## Exercise description
Start at the line with "Welcome to another video in" in the records below, stop at the line with "If you're looking", and return every line in that span exactly, the two end lines included.

## Input data
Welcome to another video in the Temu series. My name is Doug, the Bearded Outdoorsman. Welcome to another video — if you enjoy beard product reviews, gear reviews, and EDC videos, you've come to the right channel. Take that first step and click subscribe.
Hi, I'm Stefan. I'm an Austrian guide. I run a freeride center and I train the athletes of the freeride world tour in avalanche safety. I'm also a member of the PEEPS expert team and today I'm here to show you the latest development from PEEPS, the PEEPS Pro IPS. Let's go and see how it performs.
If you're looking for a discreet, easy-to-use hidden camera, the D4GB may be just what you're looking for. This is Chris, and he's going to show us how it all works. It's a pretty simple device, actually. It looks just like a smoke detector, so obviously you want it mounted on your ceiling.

* * *

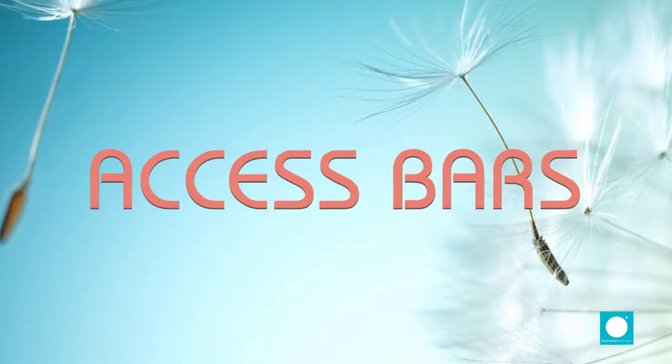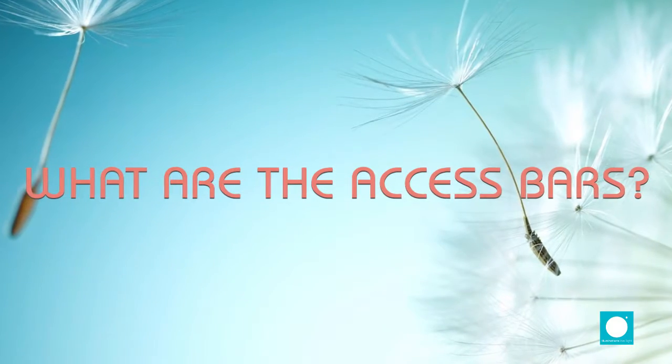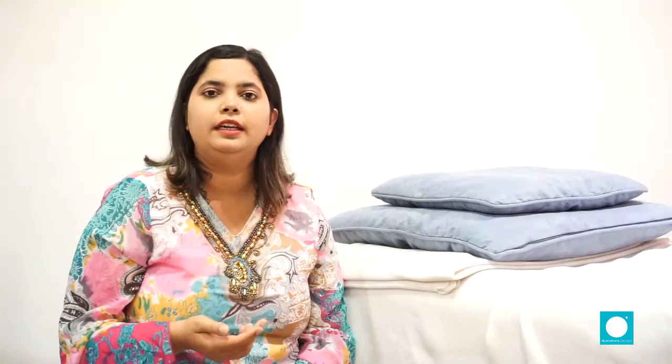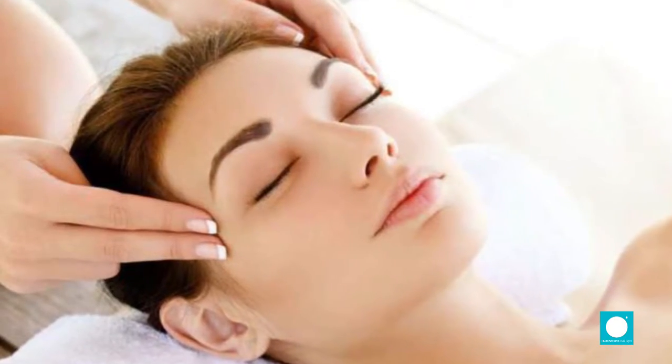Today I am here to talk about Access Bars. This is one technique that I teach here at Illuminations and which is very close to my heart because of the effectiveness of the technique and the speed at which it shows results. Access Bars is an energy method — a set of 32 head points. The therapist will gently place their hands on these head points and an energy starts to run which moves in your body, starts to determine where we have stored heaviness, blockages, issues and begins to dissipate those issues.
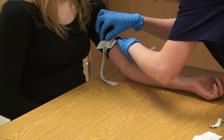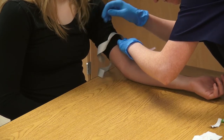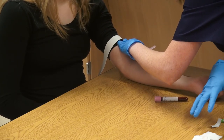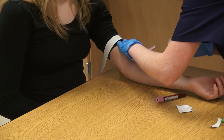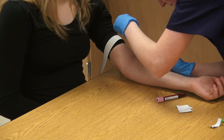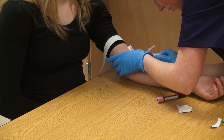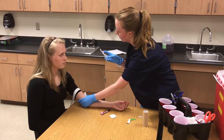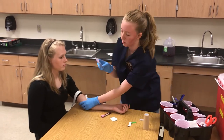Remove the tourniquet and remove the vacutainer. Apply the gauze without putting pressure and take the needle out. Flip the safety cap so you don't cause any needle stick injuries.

## Your response
Welcome to another video in the Temu series. My name is Doug, the Bearded Outdoorsman. Welcome to another video — if you enjoy beard product reviews, gear reviews, and EDC videos, you've come to the right channel. Take that first step and click subscribe.
Hi, I'm Stefan. I'm an Austrian guide. I run a freeride center and I train the athletes of the freeride world tour in avalanche safety. I'm also a member of the PEEPS expert team and today I'm here to show you the latest development from PEEPS, the PEEPS Pro IPS. Let's go and see how it performs.
If you're looking for a discreet, easy-to-use hidden camera, the D4GB may be just what you're looking for. This is Chris, and he's going to show us how it all works. It's a pretty simple device, actually. It looks just like a smoke detector, so obviously you want it mounted on your ceiling.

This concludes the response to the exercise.